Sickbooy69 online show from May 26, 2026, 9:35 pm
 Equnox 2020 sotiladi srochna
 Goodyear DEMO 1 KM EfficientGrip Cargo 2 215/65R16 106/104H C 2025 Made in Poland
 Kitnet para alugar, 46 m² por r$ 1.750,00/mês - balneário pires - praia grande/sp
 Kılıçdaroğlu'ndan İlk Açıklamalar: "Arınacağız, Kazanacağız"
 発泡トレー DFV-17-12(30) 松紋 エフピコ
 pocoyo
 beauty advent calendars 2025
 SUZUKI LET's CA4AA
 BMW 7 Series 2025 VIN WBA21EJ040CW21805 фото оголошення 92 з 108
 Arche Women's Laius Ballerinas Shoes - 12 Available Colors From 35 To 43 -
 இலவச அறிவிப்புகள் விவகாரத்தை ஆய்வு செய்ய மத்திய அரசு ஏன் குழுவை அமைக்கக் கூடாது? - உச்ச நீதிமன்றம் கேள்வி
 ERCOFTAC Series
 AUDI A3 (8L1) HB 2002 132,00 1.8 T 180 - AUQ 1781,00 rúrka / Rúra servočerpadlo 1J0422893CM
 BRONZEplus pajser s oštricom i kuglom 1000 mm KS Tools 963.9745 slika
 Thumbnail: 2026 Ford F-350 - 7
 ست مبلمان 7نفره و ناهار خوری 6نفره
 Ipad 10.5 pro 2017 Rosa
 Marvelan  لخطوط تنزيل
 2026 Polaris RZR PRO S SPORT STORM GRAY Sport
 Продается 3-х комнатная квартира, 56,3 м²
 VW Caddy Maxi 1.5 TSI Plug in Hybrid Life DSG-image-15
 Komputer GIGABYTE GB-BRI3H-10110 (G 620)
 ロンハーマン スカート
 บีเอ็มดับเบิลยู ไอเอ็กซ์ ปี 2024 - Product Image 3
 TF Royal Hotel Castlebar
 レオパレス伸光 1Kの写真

========================

Instructions to follow
In the lines above, find the word "Series" and copy every line it occurs in.

Answer for the task
 BMW 7 Series 2025 VIN WBA21EJ040CW21805 фото оголошення 92 з 108
 ERCOFTAC Series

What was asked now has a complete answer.